--- DATA SECTION Enclosed Below ---

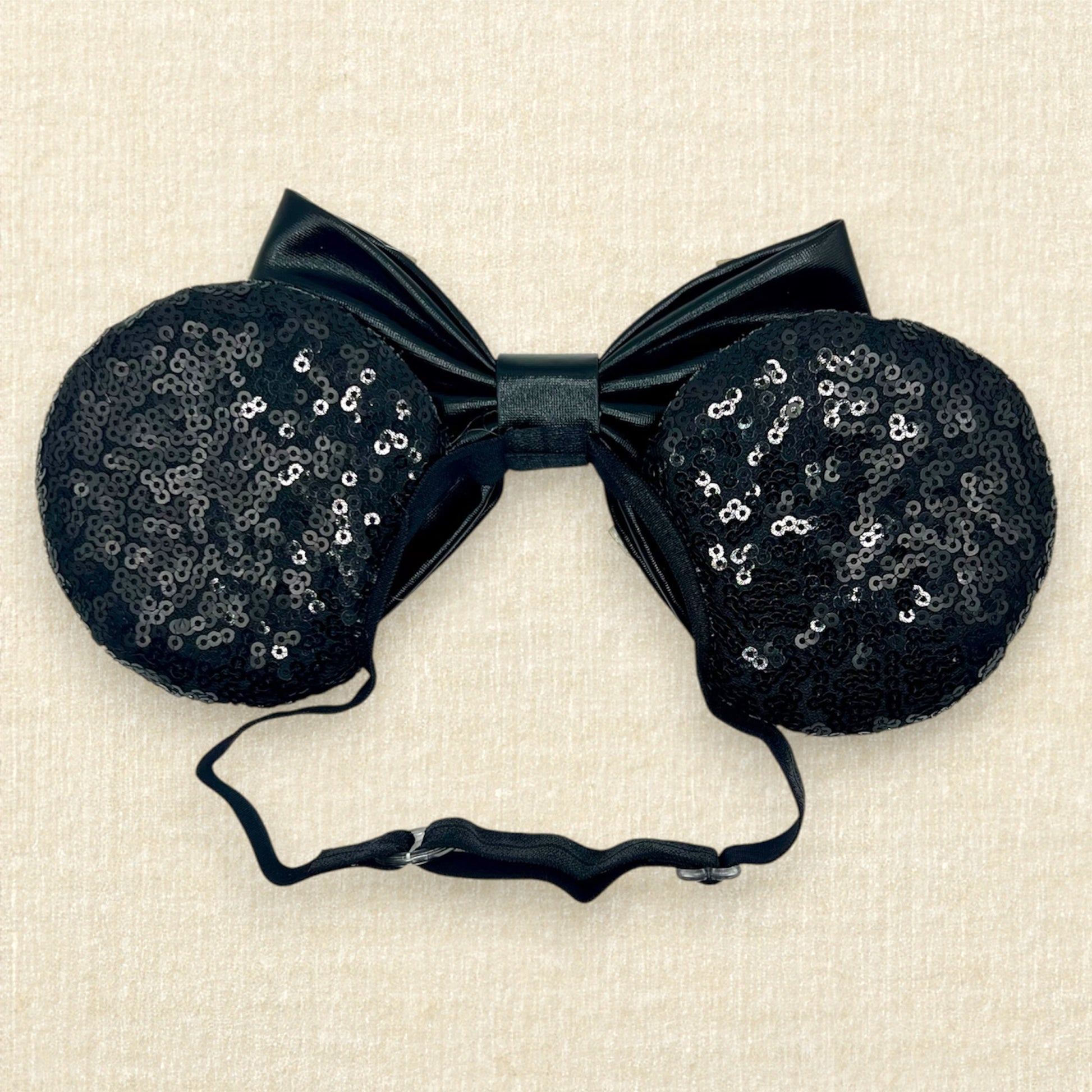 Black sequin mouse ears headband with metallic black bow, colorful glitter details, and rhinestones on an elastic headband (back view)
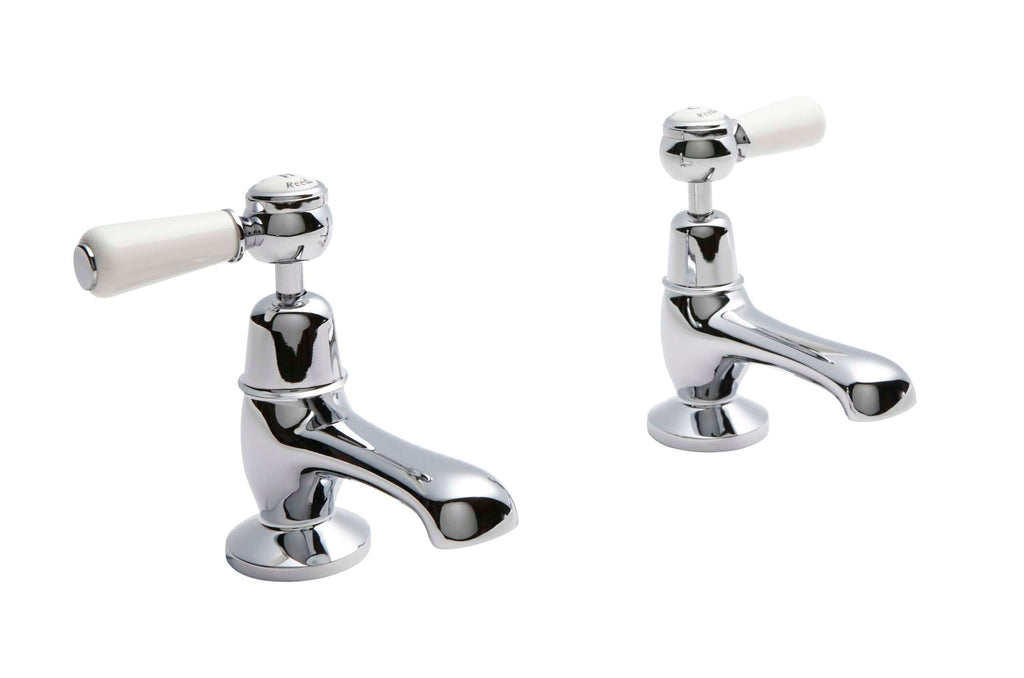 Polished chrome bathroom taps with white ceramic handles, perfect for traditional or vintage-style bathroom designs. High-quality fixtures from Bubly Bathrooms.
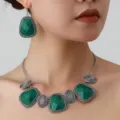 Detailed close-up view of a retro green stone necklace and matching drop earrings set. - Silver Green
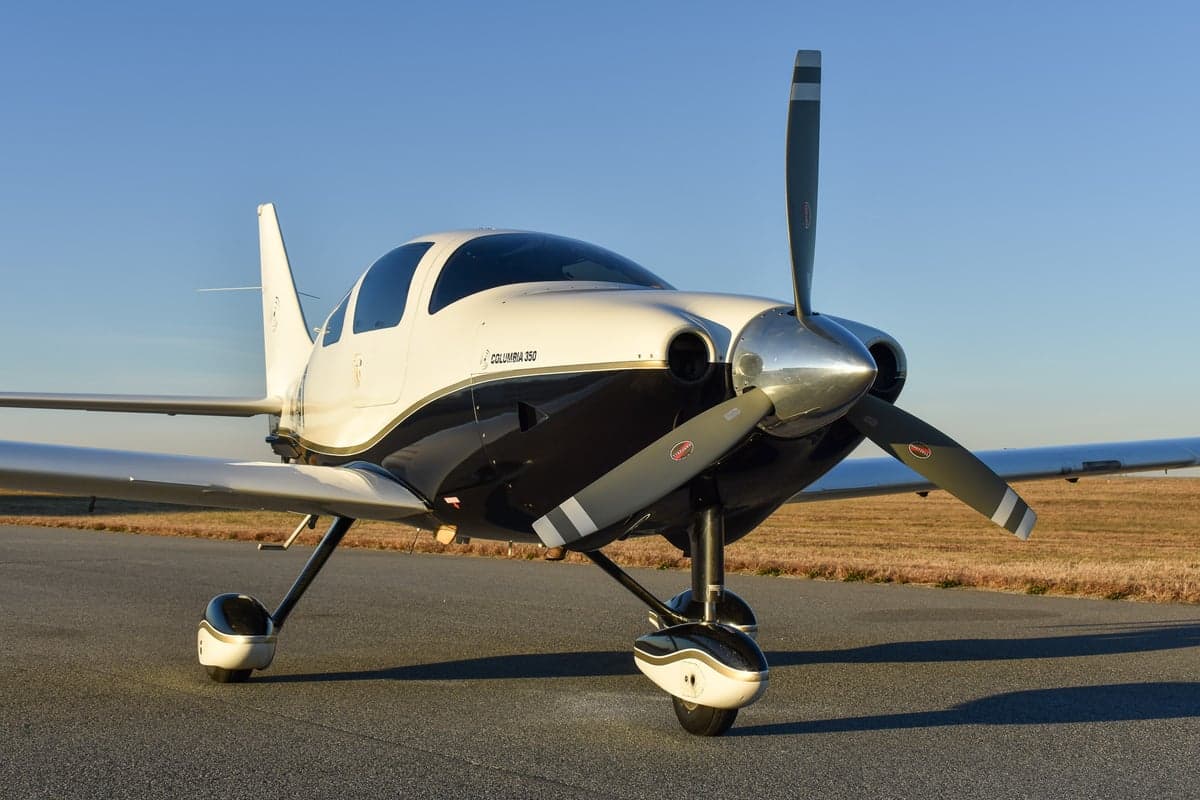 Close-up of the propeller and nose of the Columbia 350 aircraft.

--- End of Enclosed DATA SECTION ---

Write out each line of the listing above, exactly, from its first line to the line holding "Polished chrome bathroom", inclusive. Skip the pictures.

 Black sequin mouse ears headband with metallic black bow, colorful glitter details, and rhinestones on an elastic headband (back view)
 Polished chrome bathroom taps with white ceramic handles, perfect for traditional or vintage-style bathroom designs. High-quality fixtures from Bubly Bathrooms.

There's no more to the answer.